Illustrates the end-to-end process of image transcription in Joplin, from client upload to server-side processing, job management, and result retrieval.
flowchart LR
subgraph Client
ClientNode((Joplin))
end
subgraph JoplinServer
JS[[REST API]]
end
subgraph Transcribe
API[[Transcribe API :4567]]
Q[(Internal Queue)]
Worker[[Job Processor]]
DB[(PostgreSQL - Jobs)]
Store[(Images Folder)]
Engine[[LlamaCPP + LLM]]
end
ClientNode -- "POST /transcribe" --> JS
JS -- "POST /transcribe?secret=***" --> API
API -- "Persist job (created)" --> DB
API -- "Save image" --> Store
API -- "Enqueue job" --> Q
Worker -- "Dequeue" --> Q
Worker -- "Load image" --> Store
Worker -- "Transcribe" --> Engine
Worker -- "Update status/result" --> DB
Worker -- "Delete image" --> Store
ClientNode -- "POST /transcribe/:job_id" --> JS
JS -- "POST /transcribe/:job_id?secret=***" --> API
API -- "Read status/result" --> DB
API -- "Status/result" --> JS
JS -- "Status/result (text)" --> ClientNode
This diagram details the architectural flow for image transcription within the Joplin ecosystem. It shows how the Joplin client initiates an image upload, which is then handled by the Joplin Server and proxied to a dedicated Transcribe service. The Transcribe service manages job persistence, image storage, queues tasks for a job processor, and utilizes an LLM engine (LlamaCPP) for transcription. The client then polls for the job's status and retrieves the final transcribed text.
Use this diagram to understand the asynchronous processing of media files in a client-server architecture, design a job-based system for long-running tasks, or implement an image processing pipeline involving AI/ML models. It's suitable for systems requiring background processing and status updates.

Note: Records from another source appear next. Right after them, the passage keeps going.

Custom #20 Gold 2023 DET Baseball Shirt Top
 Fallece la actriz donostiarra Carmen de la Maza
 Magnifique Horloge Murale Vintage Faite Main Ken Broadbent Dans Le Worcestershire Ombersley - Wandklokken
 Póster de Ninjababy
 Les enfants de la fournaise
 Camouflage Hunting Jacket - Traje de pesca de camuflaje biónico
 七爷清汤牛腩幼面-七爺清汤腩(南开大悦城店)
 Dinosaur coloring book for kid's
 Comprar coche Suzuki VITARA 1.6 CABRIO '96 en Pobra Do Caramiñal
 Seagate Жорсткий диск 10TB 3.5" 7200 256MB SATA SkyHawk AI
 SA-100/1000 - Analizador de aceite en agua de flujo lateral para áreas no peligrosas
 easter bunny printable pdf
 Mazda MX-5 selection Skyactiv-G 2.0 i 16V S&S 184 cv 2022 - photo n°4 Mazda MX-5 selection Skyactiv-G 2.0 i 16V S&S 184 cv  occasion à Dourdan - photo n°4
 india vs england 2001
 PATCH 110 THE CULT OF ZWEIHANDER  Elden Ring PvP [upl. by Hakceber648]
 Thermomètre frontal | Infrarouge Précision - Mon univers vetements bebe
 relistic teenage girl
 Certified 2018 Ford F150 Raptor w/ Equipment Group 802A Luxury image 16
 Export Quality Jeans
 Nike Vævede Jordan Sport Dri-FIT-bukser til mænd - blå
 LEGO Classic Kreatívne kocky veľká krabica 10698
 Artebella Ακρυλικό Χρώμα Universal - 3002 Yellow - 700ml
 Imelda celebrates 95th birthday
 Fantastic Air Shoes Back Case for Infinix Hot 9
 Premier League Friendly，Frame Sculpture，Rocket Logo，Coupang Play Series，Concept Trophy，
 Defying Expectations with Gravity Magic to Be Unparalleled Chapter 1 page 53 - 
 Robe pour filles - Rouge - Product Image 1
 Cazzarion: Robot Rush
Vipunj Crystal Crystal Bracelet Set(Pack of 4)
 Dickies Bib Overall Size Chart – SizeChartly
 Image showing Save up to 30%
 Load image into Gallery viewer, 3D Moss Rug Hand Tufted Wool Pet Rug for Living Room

This design can be adapted by replacing LlamaCPP with other LLMs or transcription services, integrating different queuing systems (e.g., Kafka, RabbitMQ), using object storage instead of a local images folder, or implementing webhooks for result notification instead of polling. The 'secret' parameter suggests an authentication layer that could be expanded.